EXERCISE REQUIREMENTS: Copy out each entry below verbatim, skipping the images.

Captioned web images:

=-=-=-=-=

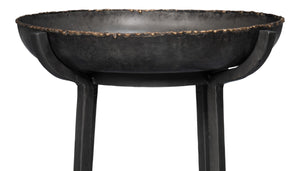 Sarreid Beckham Round End Table - Sleek Black Finish, Modern Metal Design For Stylish Living Room Decor Black  53922
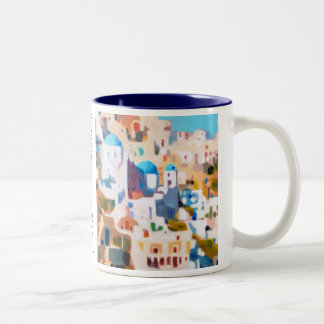Summer in Greece Two-Tone Coffee Mug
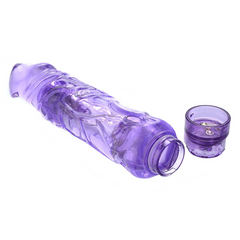 Purple jelly vibrator with removable battery cap separated, revealing battery compartment opening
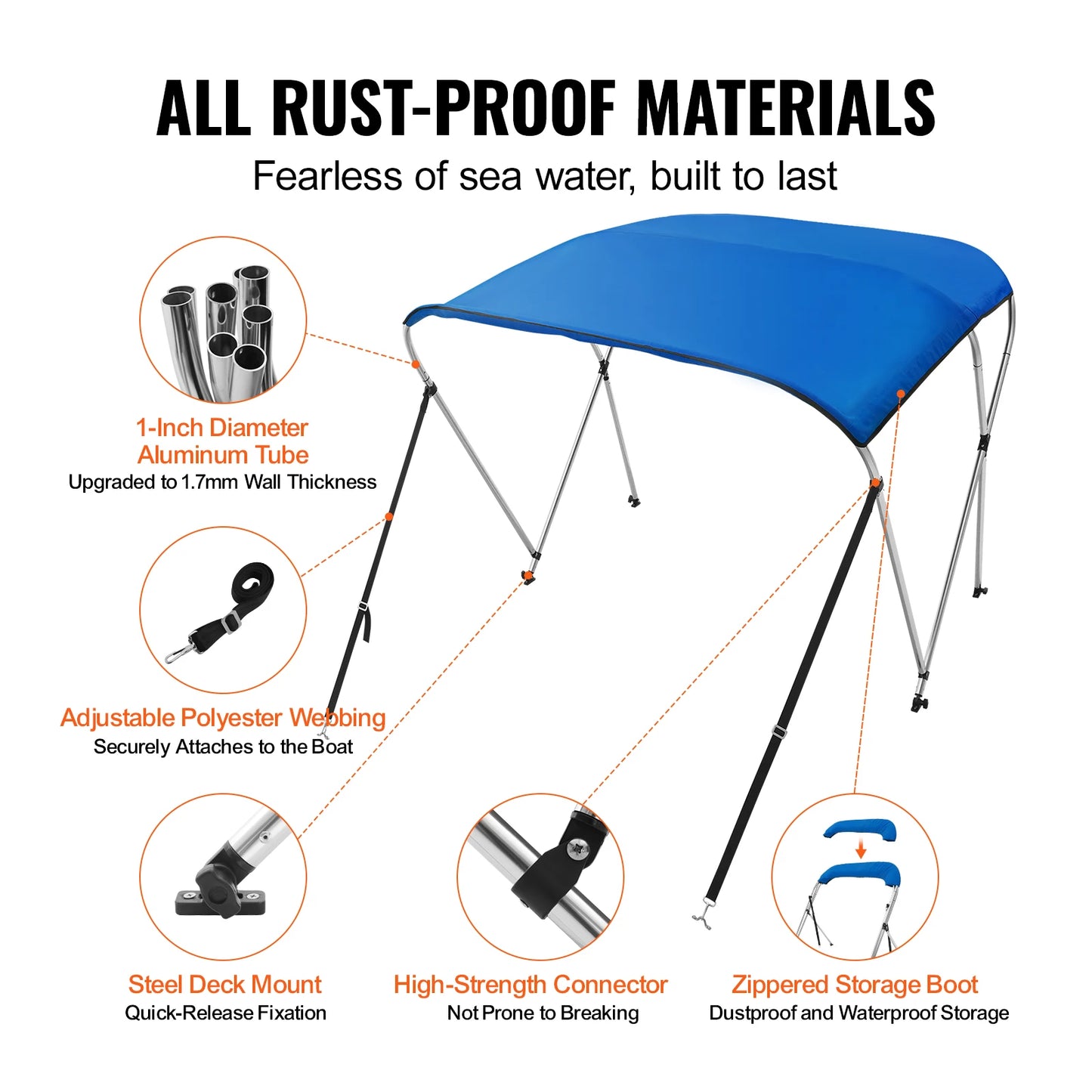VEVOR 3 Bow Bimini Top Boat Cover900D Polyester Canopy with 1" Aluminum Alloy Frame Waterproof and Sun Shade, Includes Storage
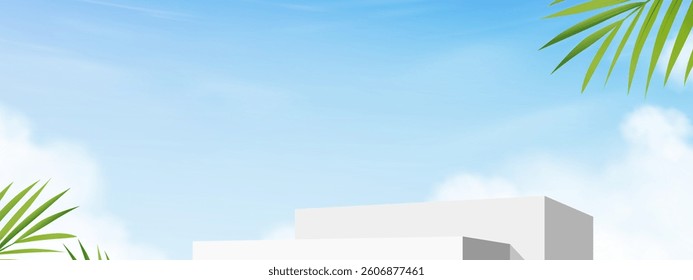 Sky Blue,Cloud Background,White Podium Platform Step,Coconut Palm leaf,Minimal 3d Display for Summer Cosmetic Product  Banner Design,Vector Scene Nature Landscape of Spring Sky 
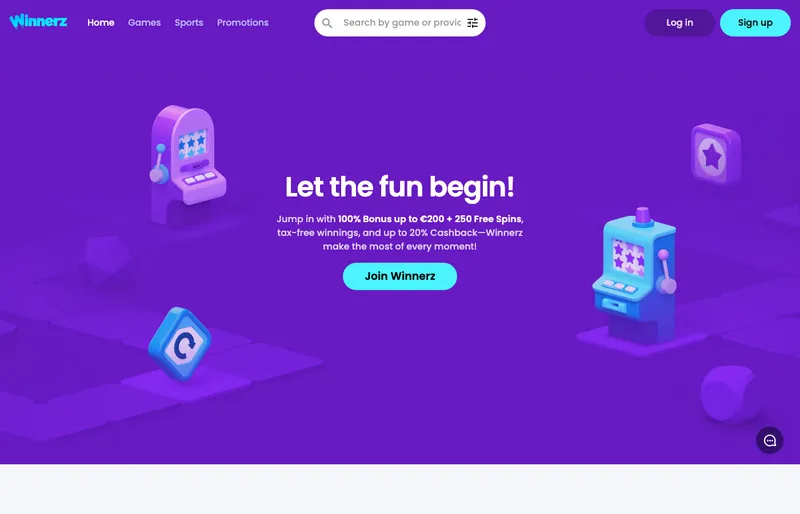 Winnerz – screenshot af forsiden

=-=-=-=-=

RESPONSE BOX:
 Sarreid Beckham Round End Table - Sleek Black Finish, Modern Metal Design For Stylish Living Room Decor Black  53922
Summer in Greece Two-Tone Coffee Mug
 Purple jelly vibrator with removable battery cap separated, revealing battery compartment opening
VEVOR 3 Bow Bimini Top Boat Cover900D Polyester Canopy with 1" Aluminum Alloy Frame Waterproof and Sun Shade, Includes Storage
 Sky Blue,Cloud Background,White Podium Platform Step,Coconut Palm leaf,Minimal 3d Display for Summer Cosmetic Product  Banner Design,Vector Scene Nature Landscape of Spring Sky 
 Winnerz – screenshot af forsiden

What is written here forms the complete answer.